JOYCE MCMILLAN on THEATRE UNCUT for Scotsman Festival magazine, 13.8.14.
IT BEGAN in the autumn of 2010, at a time of widespread anger over proposed government spending cuts; the Occupy movement was at its height, when young directors Emma Callander and Hannah Price unleashed their first series of short 15-minute plays, written by a thrilling mix of new and well-known playwrights from across the world, and made available to everyone for free performance anywhere, for a week every November. And almost four years on, Theatre Uncut is still there, although the political movement that inspired it has largely faded from the scene; and every Monday morning at the Traverse, throughout this Fringe, Callander and Price are staging performances of at least five short plays, read script-in-hand by impressive teams of actors who happen to be in Edinburgh for the Fringe.
The content of the plays, though, often shows the intense pressure involved in trying to write plays with a political edge, in an age when politics itself seems to have move beyond parody.
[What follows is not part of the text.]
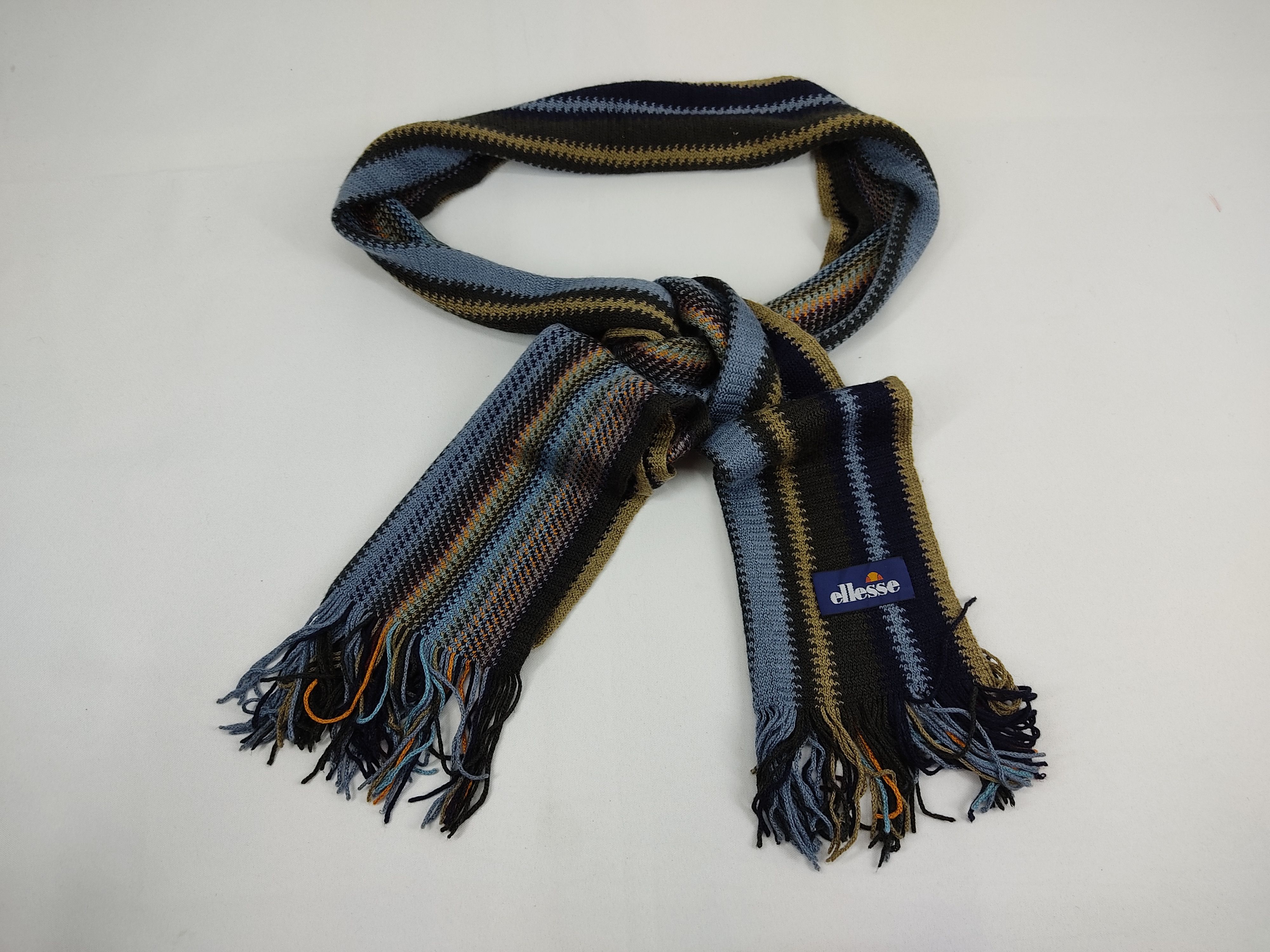 Ellesse × Other Ellesse Scarf Muffler Colorful Striped Size ONE SIZE - 1 Thumbnail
This first Theatre Uncut session of this year, staged last week, reflected the company’s new Flagship Plays project, on the theme Knowledge Is Power, Knowledge Is Change. The second, this week, dealt with Scotland’s independence referendum; and the third, next week, is the result of a joint project with four leading playwright from Turkey, following the massive Gezi Park protests of 2013. The Knowledge Is Power plays circle tentatively but with huge imagination around a range of key issues in current UK politics, from the recent series of historic sex abuse trials, to the threat of “domestic” terrorism, the growing grotesquery of “reality” television, and the belief-systems of the present British government.
So Vivienne Franzmann’s The Most Horrific is an unsettling counterpoint between pub chat about a celebrity sex abuse chase, and some of the other”most horrific” things happening in a world riven by conflict. Hayley Squires’s Ira Provitt And The Man evokes the inner life of a Gove-style Conservative minister, as he confronts his own long-lost conscience over breakfast. Inua Ellams’s This Is Us brings a cast of contemporary South London characters – the unemployed son, the Dad, the social worker, the eccentric bedroom-tax lodger – together in a room where a home-made bomb ticks, about to explode. Clara Brennan’s Pachamama and Anders Lustgaten’s Finger Of God become increasingly unsettling and surreal, as an ordinary mother acquires shape-changing powers in London restaurant, and a television producer pitches the ultimate reality-cum-lottery show, complete with ever-escalating live on-screen punishment of those unlucky enough not to win.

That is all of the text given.